WASHINGTON - Scientists have found a way to help Alzheimer’s drugs seep inside the brain faster — by temporarily breaching its protective shield.
The novel experiment was a first attempt on just three patients. But in spots in the brain where the new technology took aim, it enhanced removal of Alzheimer’s trademark brain-clogging plaque, researchers reported Wednesday.
"Our goal is to give patients a head start," by boosting some new Alzheimer’s treatments that take a long time to work, said Dr. Ali Rezai of West Virginia University’s Rockefeller Neuroscience Institute, who led the study.
At issue is what’s called the blood-brain barrier, a protective lining in blood vessels that prevents germs and other damaging substances from leaching into brain from the bloodstream. But it also can block drugs for Alzheimer’s, tumors and other neurologic diseases, requiring higher doses for longer periods for enough to reach their target inside the brain.
Now scientists are using a technology called focused ultrasound to jiggle temporary openings in that shield. They inject microscopic bubbles into the bloodstream. Next, they beam sound waves through a helmetlike device to a precise brain area. The pulses of energy vibrate the microbubbles, which loosen gaps in the barrier enough for medications to slip in.
Prior small studies have found the technology can safely poke tiny holes that seal up in 48 hours. Now Rezai’s team has gone a step further — administering an Alzheimer’s drug at the same time.
Some new Alzheimer’s drugs, on the market or in the pipeline, promise to modestly slow worsening of the mind-robbing disease. They're designed to clear away a sticky protein called beta-amyloid that builds up in certain brain regions. But they require IV infusions every few weeks for at least 18 months.
"Why not try to clear the plaques within a few months?" Rezai said, his rationale for the proof-of-concept study.
His team gave three patients with mild Alzheimer's monthly doses of one such drug, Aduhelm, for six months. Right after each IV, researchers aimed the focused ultrasound on a specific amyloid-clogged part of each patient’s brain, opening the blood brain-barrier so more of that day’s dose might enter that spot.

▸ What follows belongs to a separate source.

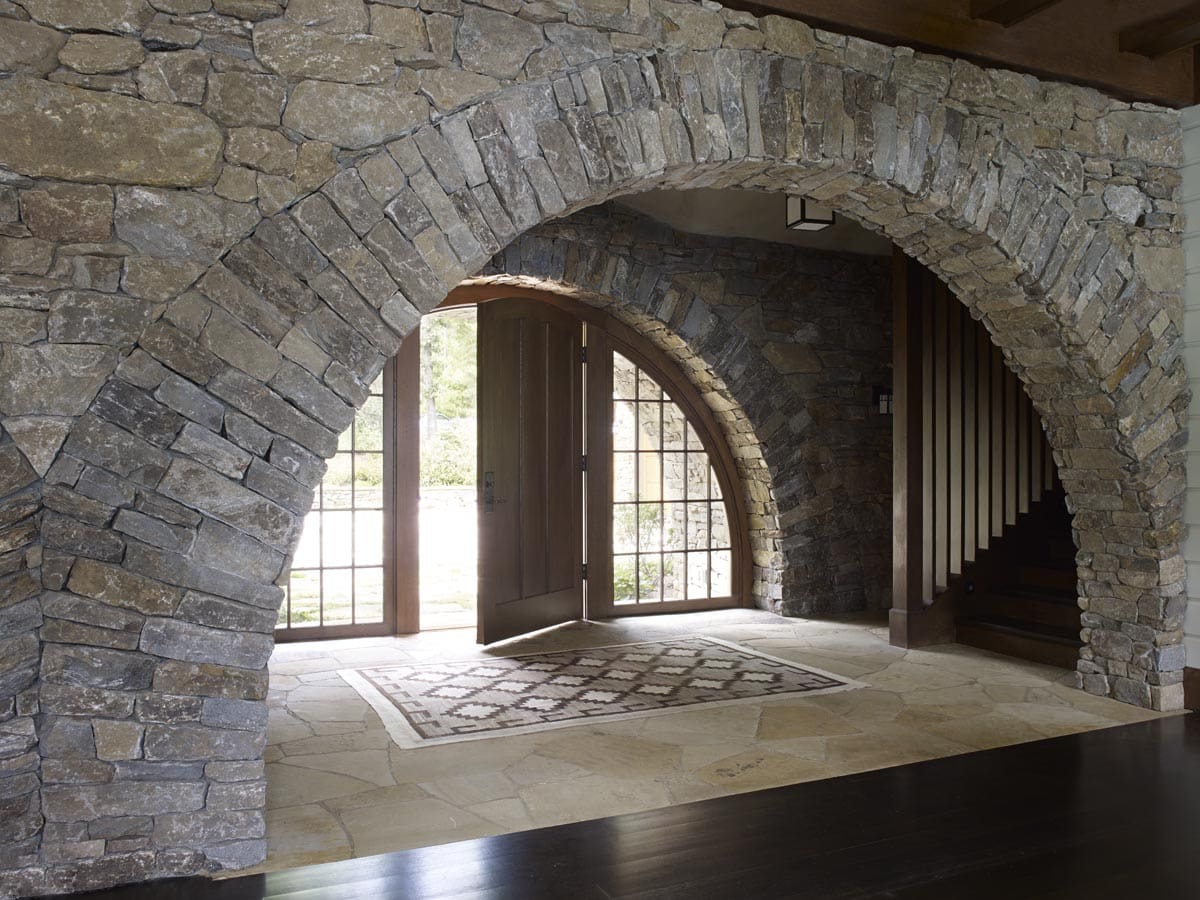 rustic craftsman-style lake house entry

PET scans show patients’ amyloid levels before and after the six months of medication. There was about 32% greater plaque reduction in spots where the blood-brain barrier was breached compared to the same region on the brain’s opposite side, researchers reported in the New England Journal of Medicine.
This pilot study is elegant but too tiny to draw any conclusions, cautioned Dr. Eliezer Masliah of the National Institute on Aging.

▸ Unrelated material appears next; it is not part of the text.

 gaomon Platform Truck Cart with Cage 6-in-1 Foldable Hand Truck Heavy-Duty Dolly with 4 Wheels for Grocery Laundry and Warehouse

Still, "it's very exciting, compelling data," added Masliah, who wasn’t involved with the research. "It opens the door for more extensive, larger studies definitely."
Rezai is about to begin another small test of a similar but better proven drug named Leqembi. Eventually large studies would be needed to tell if combining focused ultrasound with Alzheimer’s drugs makes a real difference for patients.
Masliah said it's also important to closely check whether speedier plaque reduction might increase the risk of a rare but worrisome side effect of these new drugs — bleeding and swelling in the brain.
Alzheimer’s isn’t the only target. Other researchers are testing if breaching the blood-brain barrier could allow more chemotherapy to reach brain tumors, and ways to target other diseases.